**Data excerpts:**
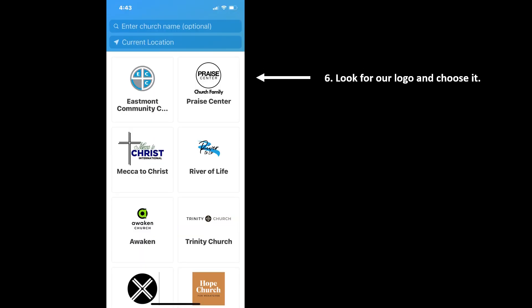This next page may look a little different to you. Praise Center might be first on the list or somewhere else on the list. If you can't find our logo, go ahead and enter Praise Center in the search bar up above. Either way, look for that logo and click on it.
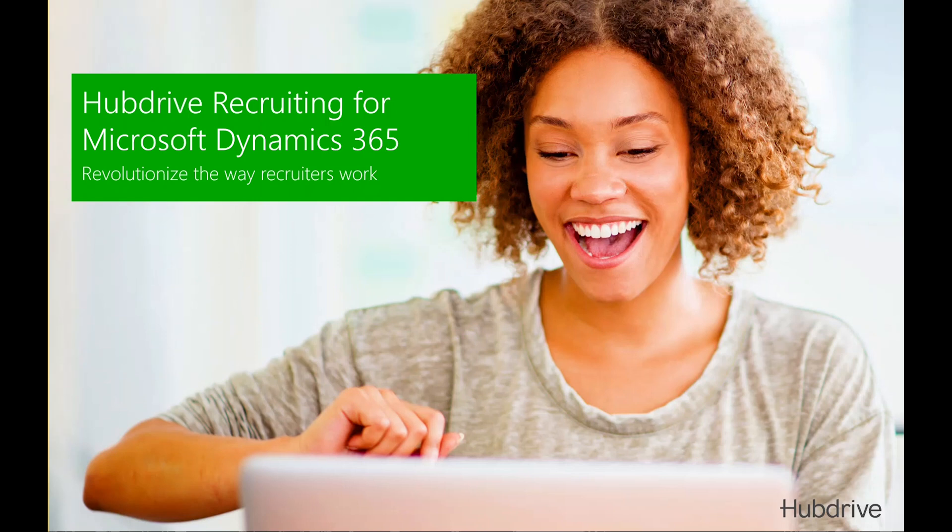Hello, today we want to show you how HubDrive's recruiting solution for Microsoft Dynamics 365 together with Generative AI based on Microsoft Azure can help recruiters improving their daily work.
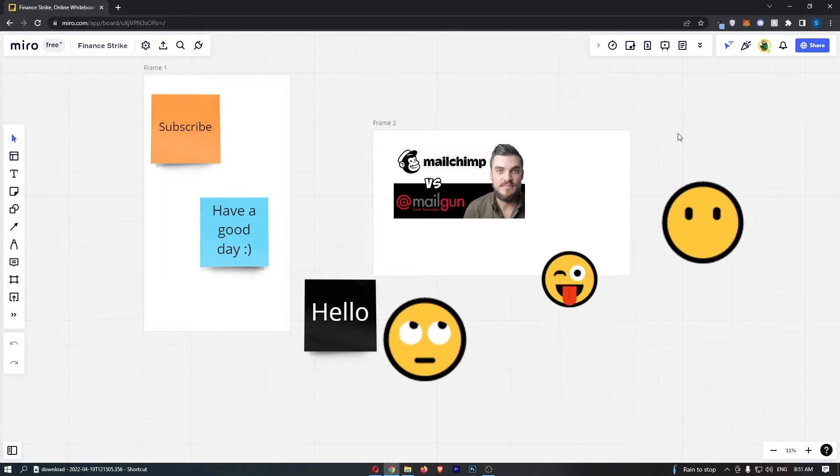So once that is done and you have your board loaded up on your screen, all we need to do from here is click on the settings icon in this top left corner.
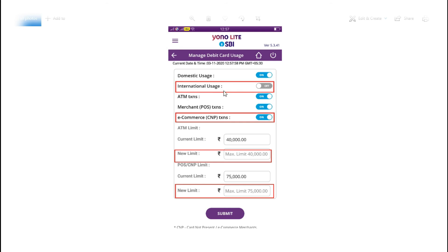You can select one debit card and proceed to the next option. The next option is from the international settings. If you select the next option, set your card limit. The daily limit is 40,000 and you can select a new limit.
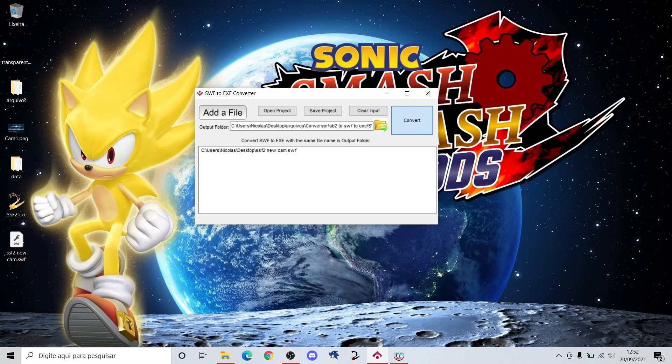I think this is the best configuration for SSF2.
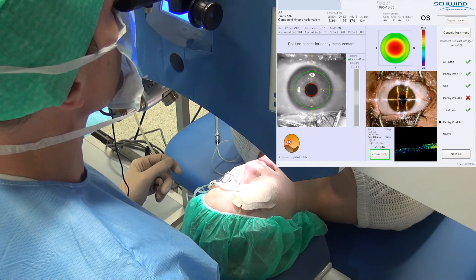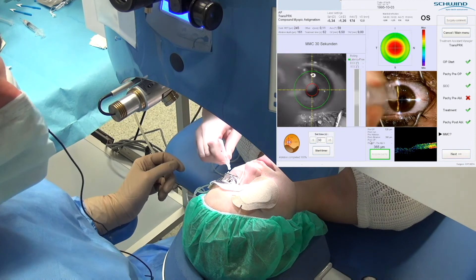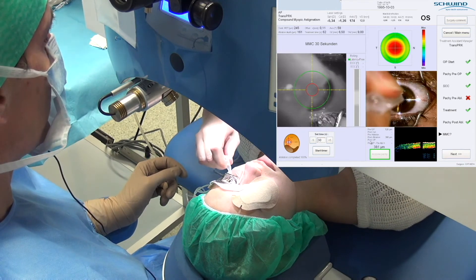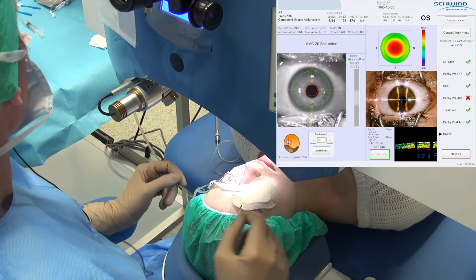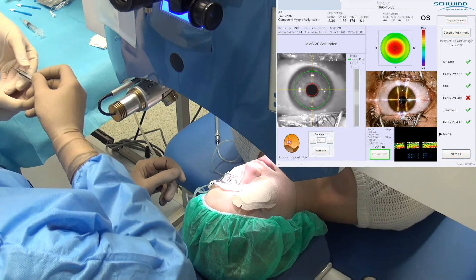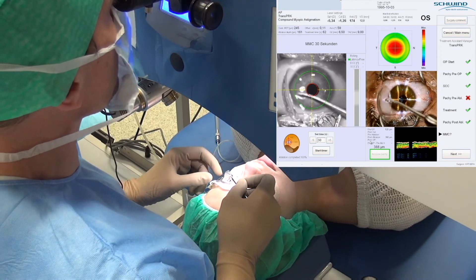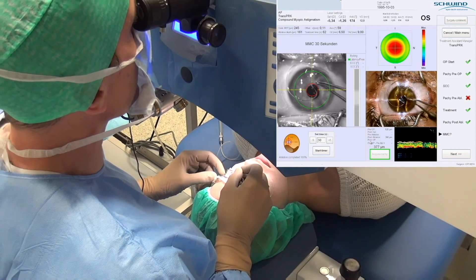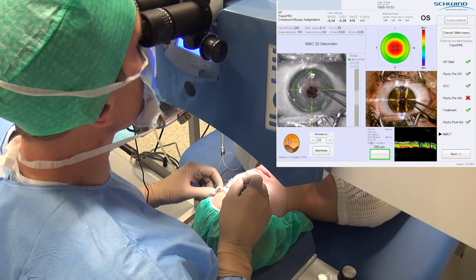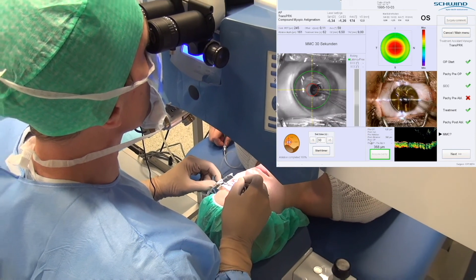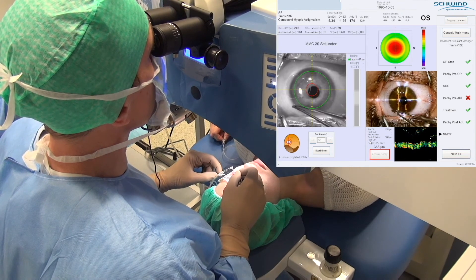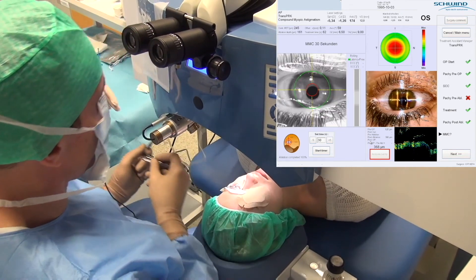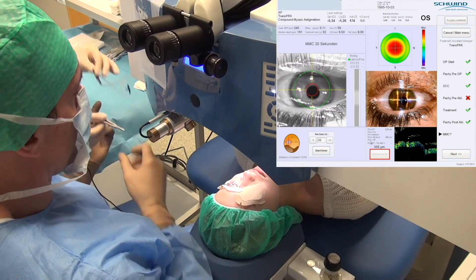After applying cold BSS, we give drops with fluorometholone and ofloxacin and apply the contact lens, which we remove at day 4 after surgery. In the smart surface laser technique, we do not use mitomycin C in virgin eyes. Thank you very much.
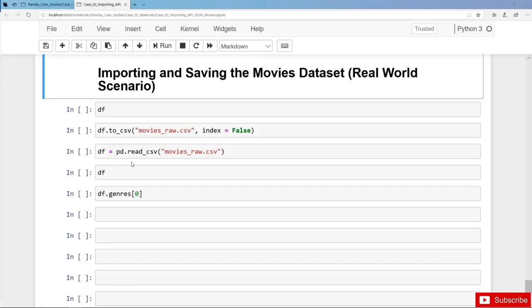Alright, in the last lecture we pulled 18 movies from the Movies Database API and then we exported and saved the data in a JSON file. That's the best practice since the data was pulled in JSON format.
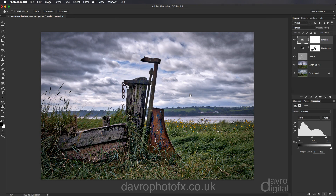I was recently asked how I'd resize images for a website and they had to be to an exact size. So I thought I'd show you the type of workflow that I'd use.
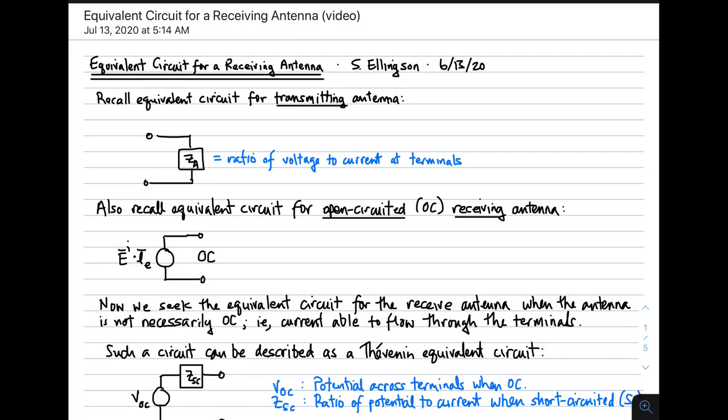Welcome to a lecture on the equivalent circuit for a receiving antenna. To begin, recall the equivalent circuit for a transmitting antenna.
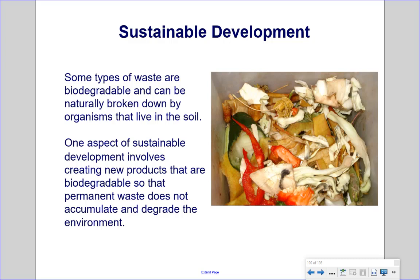Some types of waste are biodegradable and can be naturally broken down by organisms that live in the soil. One aspect of sustainable development involves creating new products that are biodegradable, so that permanent waste does not accumulate and degrade in the environment. At home, people can compost their waste and add it to the soil of their gardens, helping plants grow by returning nutrients to the soil.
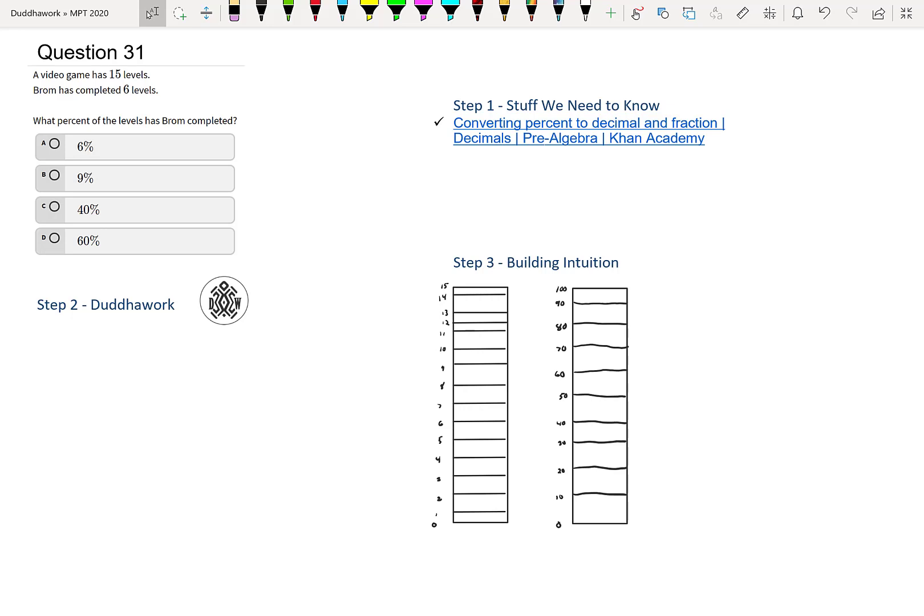Hello everyone, welcome to another episode of Do the Work. Here we're going to cover question 31 of the math proficiency test. It's a test for teachers in Ontario that they now have to take in order to get certified. Without further ado, let's tackle the question.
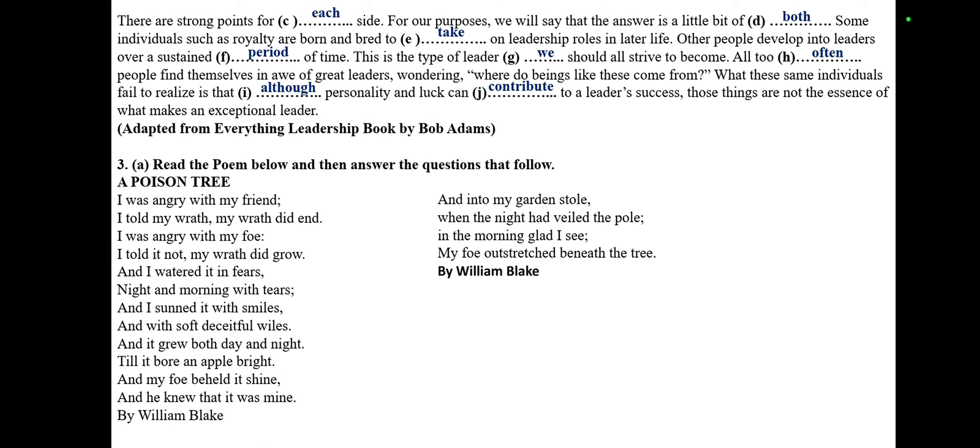Part Three or Question Three of the same paper: read the poem below and then answer the questions that follow. 'A Poison Tree' by William Blake. I was angry with my friend; I told my wrath, my wrath did end. I was angry with my foe; I told it not, my wrath did grow. And I watered it in fears, night and morning with my tears. And I sunned it with smiles and with soft deceitful wiles. And it grew both day and night, till it bore an apple bright. And my foe beheld it shine, and he knew that it was mine. And into my garden stole, when the night had veiled the pole. In the morning glad I see my foe outstretched beneath the tree.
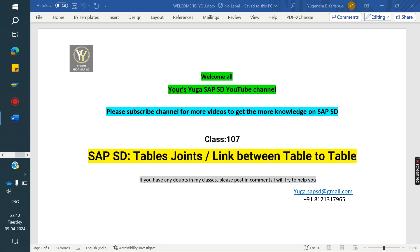Welcome to your secure SAP SD YouTube channel. Please subscribe to the channel for more videos and to get more knowledge on SAP SD. Today we are going to discuss table joins — the link between tables — and how we can link from one table to another table.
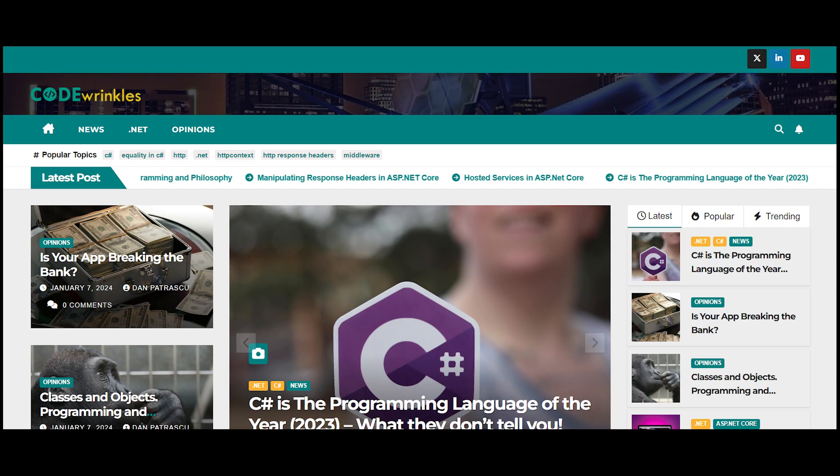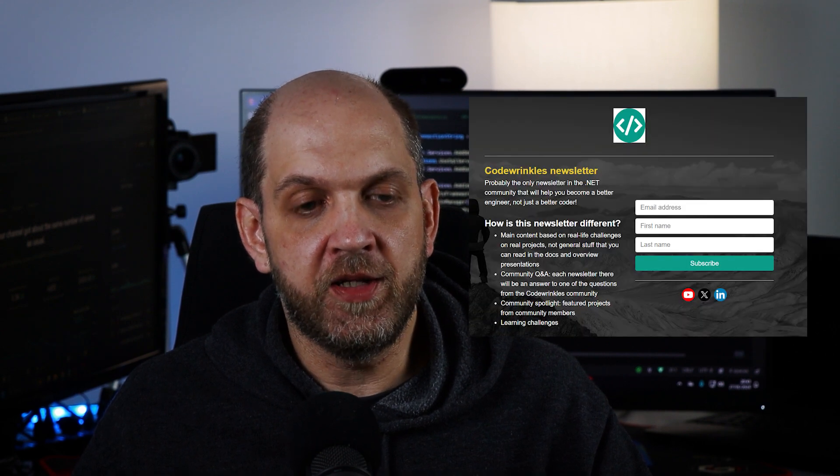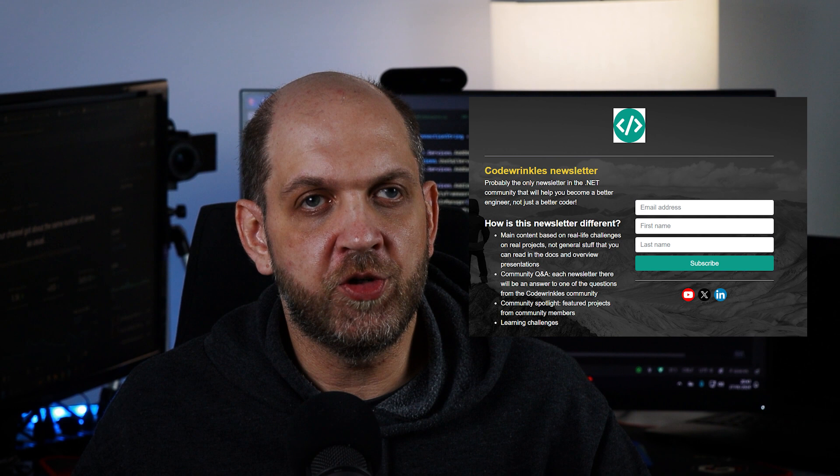I am doing a lot of content both here but also on other platforms and other types of media. For instance, we have a fairly new Codewrinkles blog where we share some articles or thoughts or insights that you might want to consume in a reading way. And I have also pretty recently started a newsletter that will definitely help you to become a better software engineer, not just a better code monkey. So make sure not to miss anything out and head over to the description of this video and follow me on all the other platforms and subscribe to the newsletter.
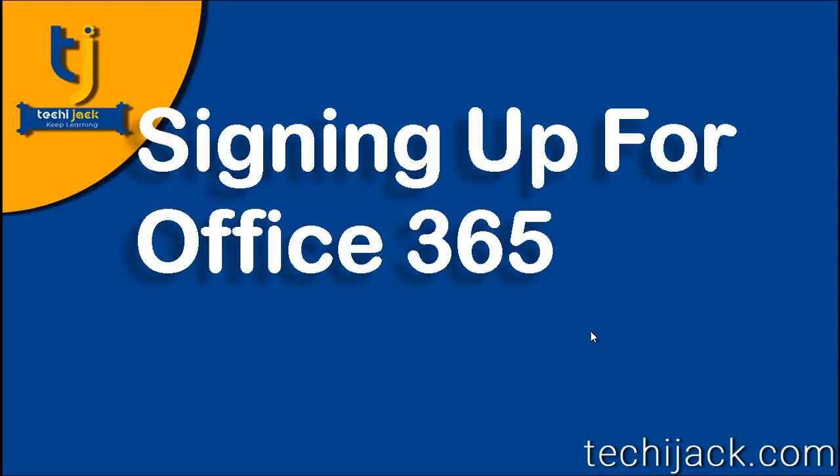Hello friends and welcome to TechieJack. In this video, we will see how we can sign up for Office 365 and which plan should be considered. So let's quickly jump to the internet and sign up for Office 365.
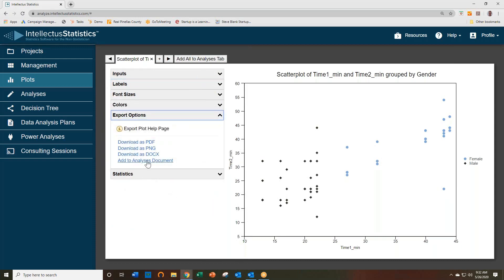You can export them either right to the analysis document so you can print it out, or to other formats.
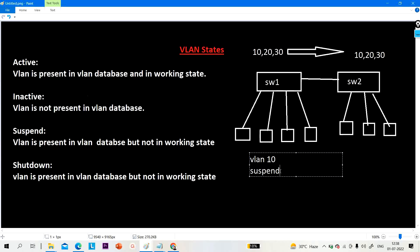So the difference is: shutdown means to disable a VLAN on a local switch only, and suspended means to disable a VLAN in the VTP domain. For example, if admin tells you to disable communication for users in VLAN 10 for one hour, you can suspend VLAN 10 on one switch and it will automatically propagate in the VTP domain. But with shutdown, you have to run the shutdown command on all switches individually, because shutdown does not propagate in the VTP domain.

**DIRECTIONS FOR THIS TASK:** Leaving out the pictures, please output the lines in the entries above from the one with "Welcome to a lecture" through the one with "Some types of", exactly as they are.

**OUTPUT OF THE TASK:**
Welcome to a lecture on the equivalent circuit for a receiving antenna. To begin, recall the equivalent circuit for a transmitting antenna.
Some types of waste are biodegradable and can be naturally broken down by organisms that live in the soil. One aspect of sustainable development involves creating new products that are biodegradable, so that permanent waste does not accumulate and degrade in the environment. At home, people can compost their waste and add it to the soil of their gardens, helping plants grow by returning nutrients to the soil.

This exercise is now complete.